→ WHAT TO DO: The pictures in the listing below are to be skipped, while the lines between the line holding "bedroom with ceiling" and the line holding "istock earrings with", inclusive, are to be output exactly.

→ DATASET RECORDS:
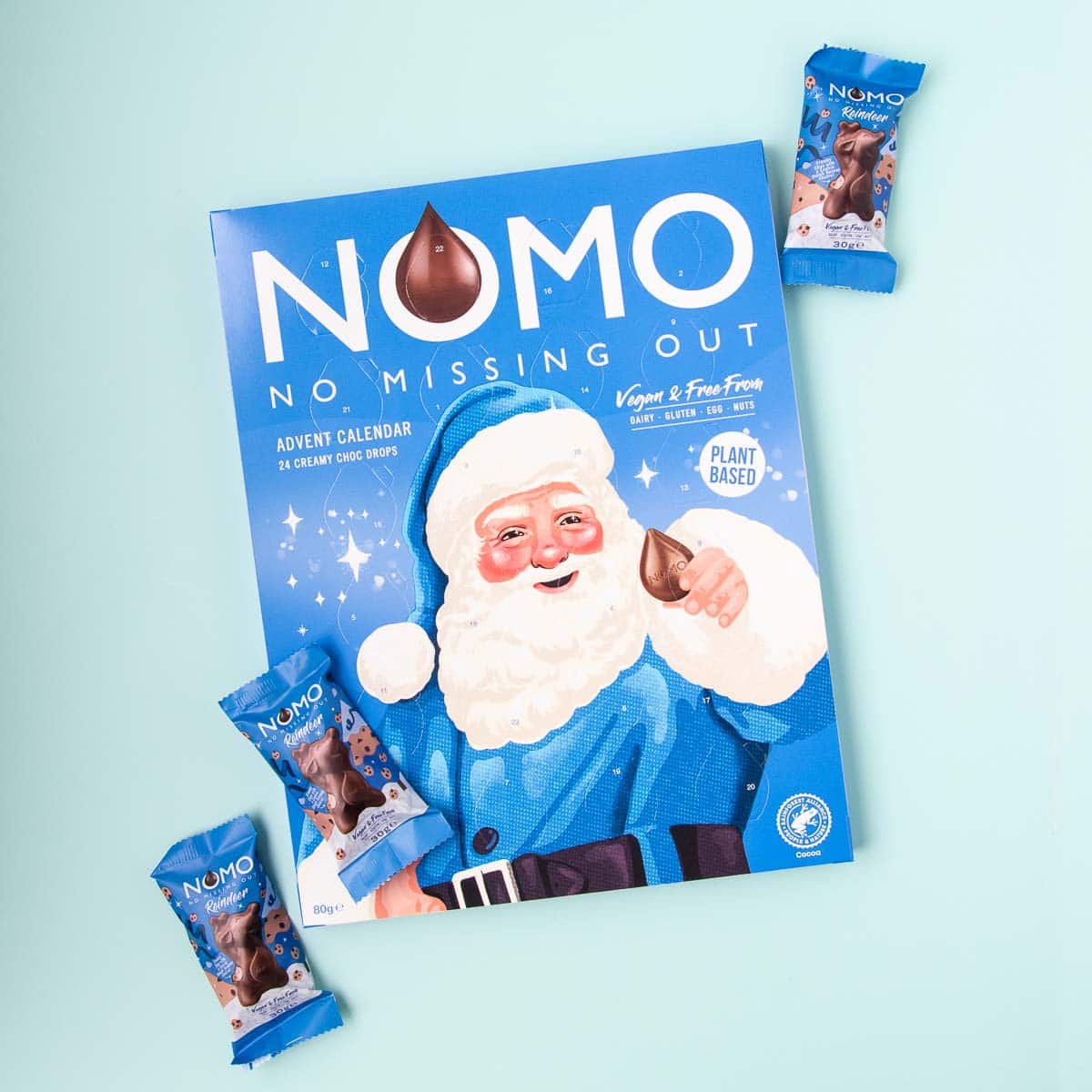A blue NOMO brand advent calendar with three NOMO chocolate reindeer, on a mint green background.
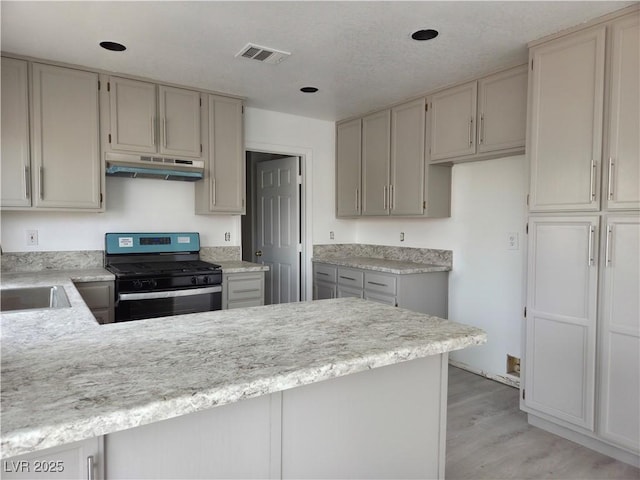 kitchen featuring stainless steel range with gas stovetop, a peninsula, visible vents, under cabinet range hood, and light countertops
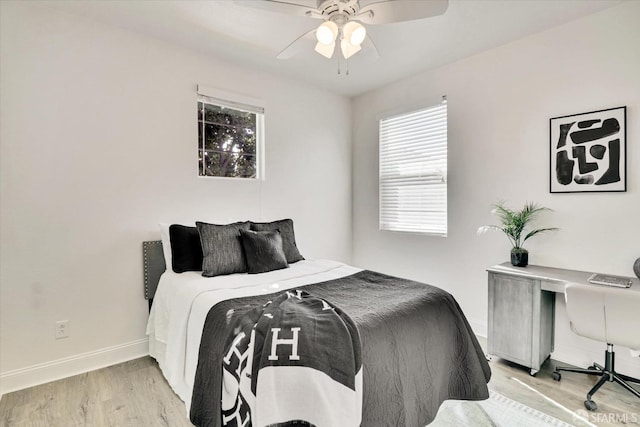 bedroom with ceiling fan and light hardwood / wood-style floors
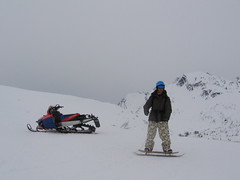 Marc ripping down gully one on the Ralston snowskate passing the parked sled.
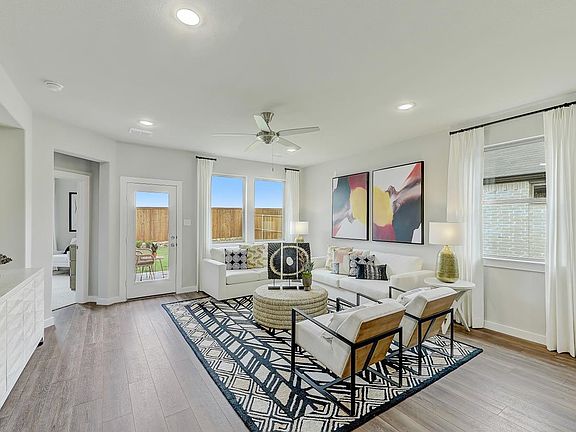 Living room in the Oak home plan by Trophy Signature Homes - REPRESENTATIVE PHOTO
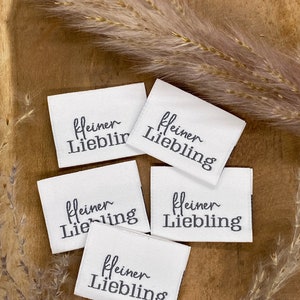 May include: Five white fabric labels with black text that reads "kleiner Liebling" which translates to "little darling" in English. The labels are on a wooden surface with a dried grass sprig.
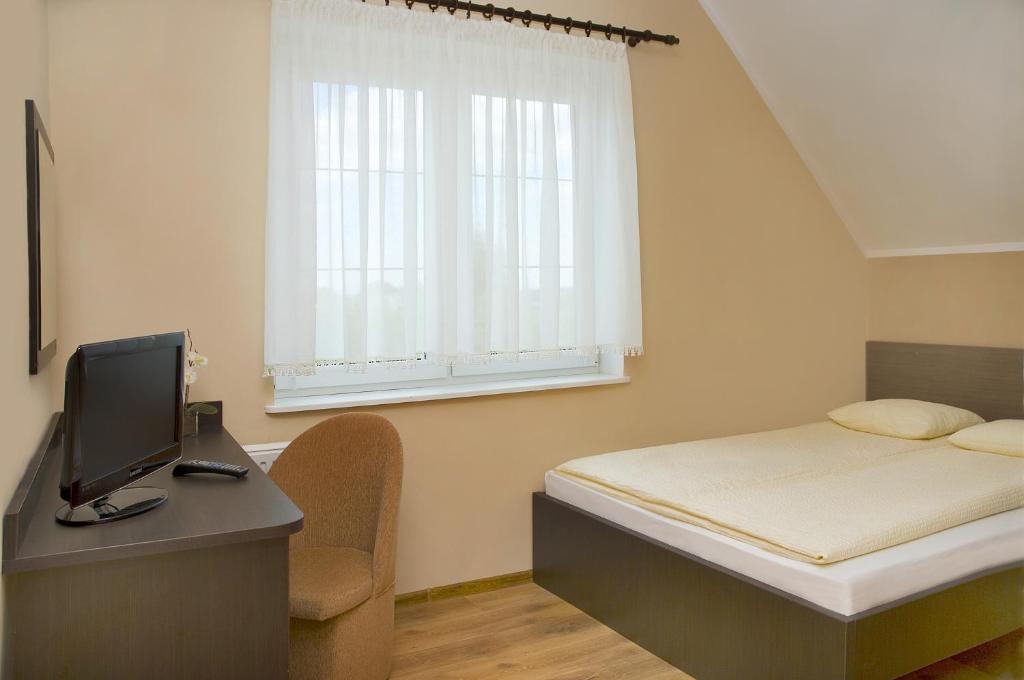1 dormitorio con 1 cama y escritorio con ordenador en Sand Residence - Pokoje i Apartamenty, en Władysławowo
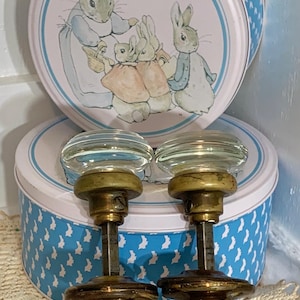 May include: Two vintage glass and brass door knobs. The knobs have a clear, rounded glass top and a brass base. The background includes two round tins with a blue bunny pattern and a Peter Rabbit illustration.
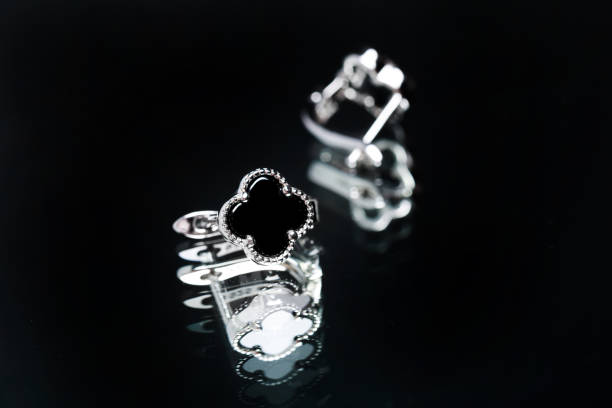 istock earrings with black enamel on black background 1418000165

---

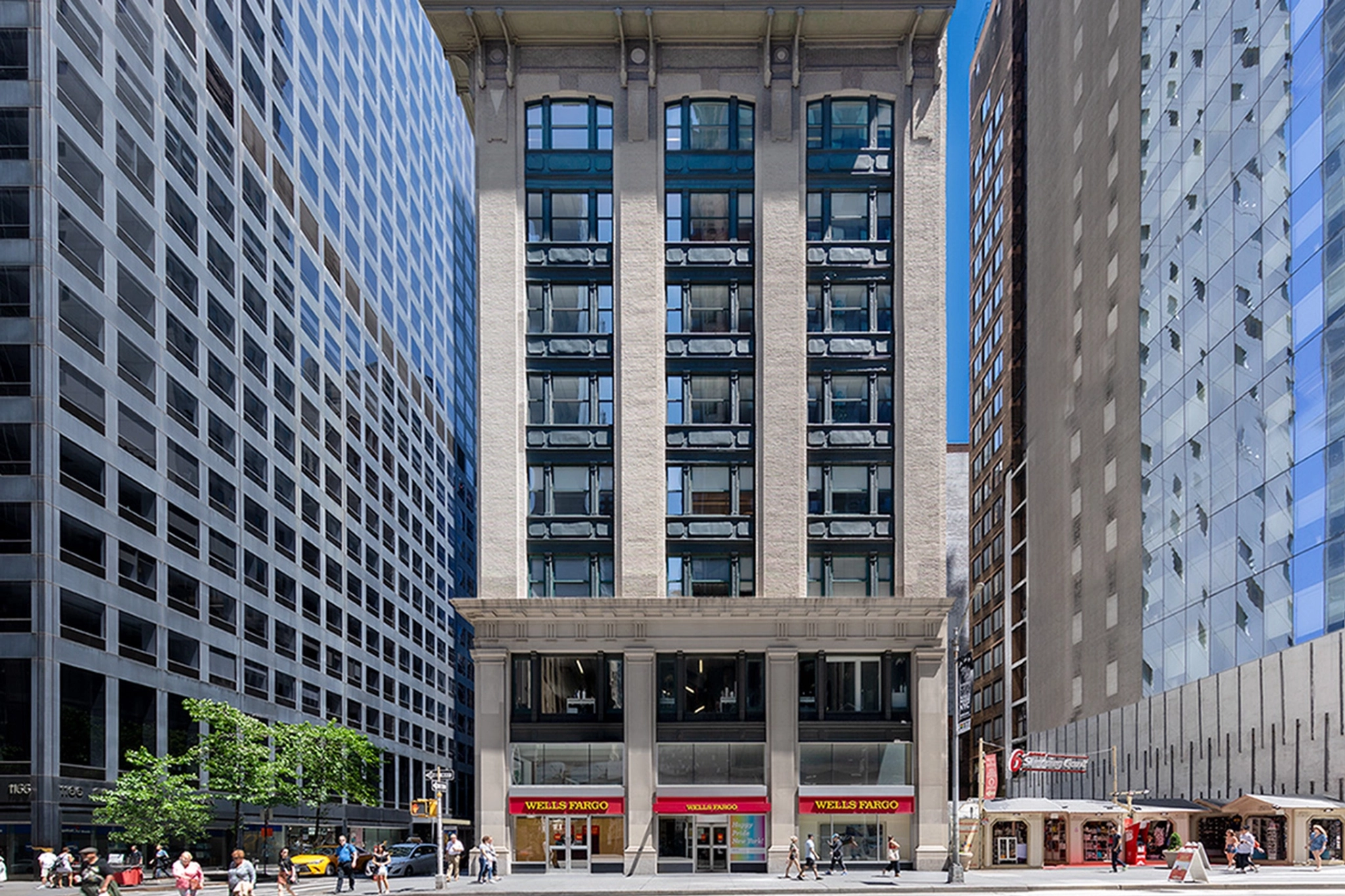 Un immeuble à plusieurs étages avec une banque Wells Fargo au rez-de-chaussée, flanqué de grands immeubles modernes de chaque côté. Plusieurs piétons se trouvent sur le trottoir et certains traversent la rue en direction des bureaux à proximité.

→ TASK SOLUTION:
 bedroom with ceiling fan and light hardwood / wood-style floors
 Marc ripping down gully one on the Ralston snowskate passing the parked sled.
 Living room in the Oak home plan by Trophy Signature Homes - REPRESENTATIVE PHOTO
 May include: Five white fabric labels with black text that reads "kleiner Liebling" which translates to "little darling" in English. The labels are on a wooden surface with a dried grass sprig.
1 dormitorio con 1 cama y escritorio con ordenador en Sand Residence - Pokoje i Apartamenty, en Władysławowo
 May include: Two vintage glass and brass door knobs. The knobs have a clear, rounded glass top and a brass base. The background includes two round tins with a blue bunny pattern and a Peter Rabbit illustration.
 istock earrings with black enamel on black background 1418000165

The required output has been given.